What's the deal with the pie ?
For some reason NZ'ers have a habbit of picking up on weird things that are said and they become the next big thing - a t-shirt is made and the whole country starts repeating them. This video is one of those instances. I have just found this story that explains it well............I will try and find the t-shirt as well.
A DEADPAN joke about the safety of eating overheated meat pies has catapulted a New Zealand cop into internet super-stardom.
YouTube and Facebook can't seem to get enough of police dog-handler Guy Baldwin, who was captured on camera dishing out unusual advice to a late-night carjacker caught in the act.
When the teenage criminal claimed hunger as an alibi, saying he was just on his way to the petrol station to buy a meat pie, the sergeant came up with this quick-witted reply.

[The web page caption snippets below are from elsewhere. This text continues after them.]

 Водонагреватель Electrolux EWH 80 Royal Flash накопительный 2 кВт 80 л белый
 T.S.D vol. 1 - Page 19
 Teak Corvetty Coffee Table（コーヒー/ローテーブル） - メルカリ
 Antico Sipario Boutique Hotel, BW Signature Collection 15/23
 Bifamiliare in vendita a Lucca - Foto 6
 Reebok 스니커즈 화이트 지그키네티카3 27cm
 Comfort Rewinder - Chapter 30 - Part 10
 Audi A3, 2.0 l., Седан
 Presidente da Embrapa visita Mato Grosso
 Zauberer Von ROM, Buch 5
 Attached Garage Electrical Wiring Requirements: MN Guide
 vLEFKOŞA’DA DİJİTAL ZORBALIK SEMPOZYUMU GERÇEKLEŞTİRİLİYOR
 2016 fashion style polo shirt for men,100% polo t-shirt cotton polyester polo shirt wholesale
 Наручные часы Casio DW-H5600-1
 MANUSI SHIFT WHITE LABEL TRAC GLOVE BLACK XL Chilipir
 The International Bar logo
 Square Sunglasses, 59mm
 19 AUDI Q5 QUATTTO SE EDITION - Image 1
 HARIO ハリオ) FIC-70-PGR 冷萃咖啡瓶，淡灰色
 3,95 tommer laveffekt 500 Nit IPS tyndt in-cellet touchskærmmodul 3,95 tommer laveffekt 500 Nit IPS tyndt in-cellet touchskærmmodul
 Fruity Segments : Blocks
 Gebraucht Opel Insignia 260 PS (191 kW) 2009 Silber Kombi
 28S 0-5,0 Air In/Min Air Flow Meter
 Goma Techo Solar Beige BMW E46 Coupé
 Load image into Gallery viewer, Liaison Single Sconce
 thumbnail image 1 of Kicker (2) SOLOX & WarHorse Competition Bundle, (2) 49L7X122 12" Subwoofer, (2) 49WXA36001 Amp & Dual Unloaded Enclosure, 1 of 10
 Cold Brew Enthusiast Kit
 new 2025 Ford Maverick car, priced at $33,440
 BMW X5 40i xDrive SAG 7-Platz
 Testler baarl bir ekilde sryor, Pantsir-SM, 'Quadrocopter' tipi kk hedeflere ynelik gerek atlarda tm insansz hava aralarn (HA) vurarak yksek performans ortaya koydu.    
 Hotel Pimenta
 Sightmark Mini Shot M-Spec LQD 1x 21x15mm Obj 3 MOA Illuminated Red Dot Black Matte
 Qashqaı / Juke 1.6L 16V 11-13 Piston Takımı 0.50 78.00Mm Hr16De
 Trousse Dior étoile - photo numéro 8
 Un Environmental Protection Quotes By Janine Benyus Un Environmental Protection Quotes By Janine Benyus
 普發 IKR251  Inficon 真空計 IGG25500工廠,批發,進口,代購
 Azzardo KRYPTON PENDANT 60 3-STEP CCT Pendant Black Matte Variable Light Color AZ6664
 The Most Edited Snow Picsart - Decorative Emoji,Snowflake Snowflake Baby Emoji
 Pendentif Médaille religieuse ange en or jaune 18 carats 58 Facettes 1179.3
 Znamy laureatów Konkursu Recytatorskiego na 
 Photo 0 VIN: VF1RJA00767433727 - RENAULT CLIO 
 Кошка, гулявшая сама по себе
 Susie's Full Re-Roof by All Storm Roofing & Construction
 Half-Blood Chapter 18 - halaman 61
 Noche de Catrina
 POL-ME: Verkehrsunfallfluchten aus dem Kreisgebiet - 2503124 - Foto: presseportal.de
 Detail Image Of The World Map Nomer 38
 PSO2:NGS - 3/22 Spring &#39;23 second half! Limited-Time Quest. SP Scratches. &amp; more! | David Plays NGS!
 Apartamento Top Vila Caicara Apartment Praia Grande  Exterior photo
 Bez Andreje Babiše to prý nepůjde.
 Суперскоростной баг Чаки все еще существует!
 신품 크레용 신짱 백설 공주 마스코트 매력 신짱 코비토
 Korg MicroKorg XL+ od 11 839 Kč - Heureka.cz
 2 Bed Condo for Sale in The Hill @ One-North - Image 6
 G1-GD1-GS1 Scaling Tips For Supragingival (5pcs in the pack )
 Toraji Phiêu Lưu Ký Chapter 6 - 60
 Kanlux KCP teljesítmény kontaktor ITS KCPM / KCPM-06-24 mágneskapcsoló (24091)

"It will be thermonuclear – always blow on the pie. Safer communities together," Sgt Baldwin said, using the long-standing New Zealand Police slogan.
"Three o'clock in the morning, that pie has probably been in the warming drawer for about 12 hours."
The deadpan delivery of the joke, which was sadly missed by the young offender, has captured the imagination of the online world.
More than 175,000 people have viewed the YouTube clip, which screened on the New Zealand TV show Police 10-7 this week, and it has been a sensation on Facebook.
It has given rise to rap songs, music remixes and even a South Park-style homage.
See YouTube search results for "always blow on the pie" »
The line "always blow on the pie" is now printed on T-shirts on sale across New Zealand and is looking set to become a part of the Kiwi vocabulary.
Americans, now well-versed in Kiwi humour thanks to the musical TV duo Flight of the Conchords, are among the most enthusiastic of Sergeant Baldwin's new fans.
The policeman, for his part, told TVNZ this week it was meant as a joke to lighten the mood.
"As a policeman if we can make people laugh then great because in reality what we do isn't funny," Sgt Baldwin said.
"I was speaking to a chap we had been looking for... I was making up conversation, using a bit of humour. Unfortunately, he didn't get it."
He admitted he was a bit bamboozled by his sudden fame, especially as the footage was shot five years ago.
And he's modest about what it means, saying that this year's gimmick T-shirts bearing his now-famous line will be next year's house painting garb.
Meanwhile he's been getting "plenty of stick" from his cop colleagues.
"My God, you'd think he was a bloody celebrity or something," one of his colleagues said, laughing.
"He sure thinks he is, in his own little head."